JWST Duplicate Observation Search
This custom tool, shown in Fig. 1, allows you to compare the parameters of your intended observations with existing or planned observations in the JWST program database. Any matches the tool finds are potential duplicates that require some careful analysis to determine if they are genuine. Detailed comparisons are best done with the program specifications in the APT files of accepted programs with similar observations, but this can be a lengthy and tedious process. This tool will help you identify observations where a potential duplication exists.
Unlike most other MAST tools, this search does not return links to data. Rather, it returns metadata of executed or approved observations.
The search interface (Fig. 1) is similar to other MAST Mission web applications. Use the boxes and pull-down menus to specify the parameters of potential observations, and then execute the search to see if your observations match any that exist in the JWST program database.
Figure 1 — Interface for searching for JWST Observations that match the parameters of your intended observations. Many elements of the interface are similar to those in other MAST Mission search interfaces. Various elements of the interface (numbered boxes) are described in the text.
To use the tool, enter a fixed target by name or coordinates (box 1) and specify the search parameters (box 2) to align with your intended configuration. Then specify additional constraints (box 3). You may specify more or fewer output fields in the search results (box 4). See Moving Target Search for strategies to find observations of Solar System targets.
Search parameters
The constraint fields provide the means to specify the observing configuration that matches your intended observation.
Results table
Upon executing a search, a table of results will be displayed (Fig. 2). The table rows are matches from the JWST program database to your search query parameters, and the fields (columns) contain values of metadata that pertain to each matched exposure. These metadata will help you assess whether each given match constitutes a genuine duplication of your intended observation.
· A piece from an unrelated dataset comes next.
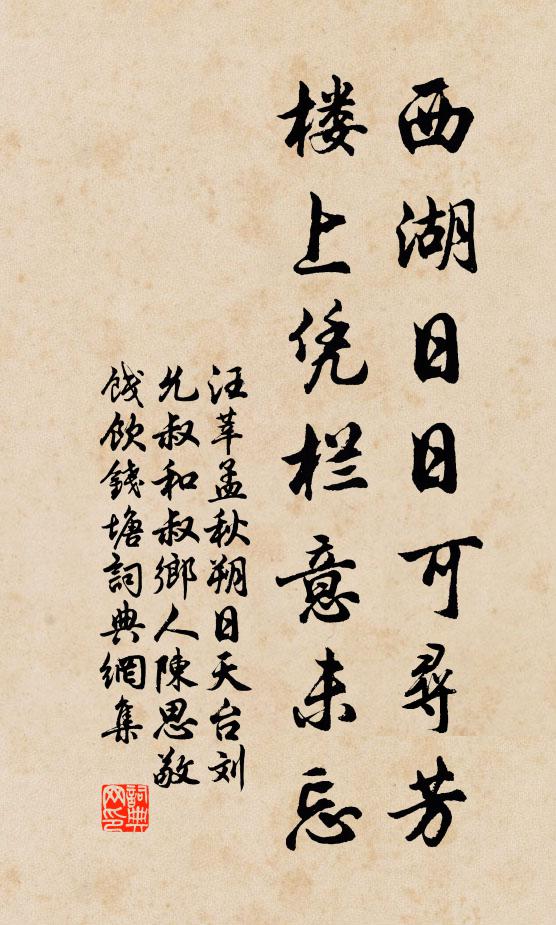 宛然共指嘉禾瑞,開一笑、破朱顏 詩詞名句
The individual table rows aggregate exposures that are identical in:
Program ID, Observation, Visit, Target ID, Template, Optical elements, and Visit status
The values of other columns not in the above list are taken from one of the aggregated rows. This includes the Region shape, which would correspond to only one of the aperture positions in a dithered or tiled sequence.
Figure 2 — Search results table, showing 8 selected rows (blue background) from a GO program. The rows may be sorted by clicking a field (i.e., table column) name.
Elements of the interface, such as displayed table size and navigation, are similar to those in other MAST Mission search interfaces, except that there are no options to download data. The table (in its entirety, or only selected rows) may be downloaded for detailed analysis. The names and descriptions of the essential results fields are described below.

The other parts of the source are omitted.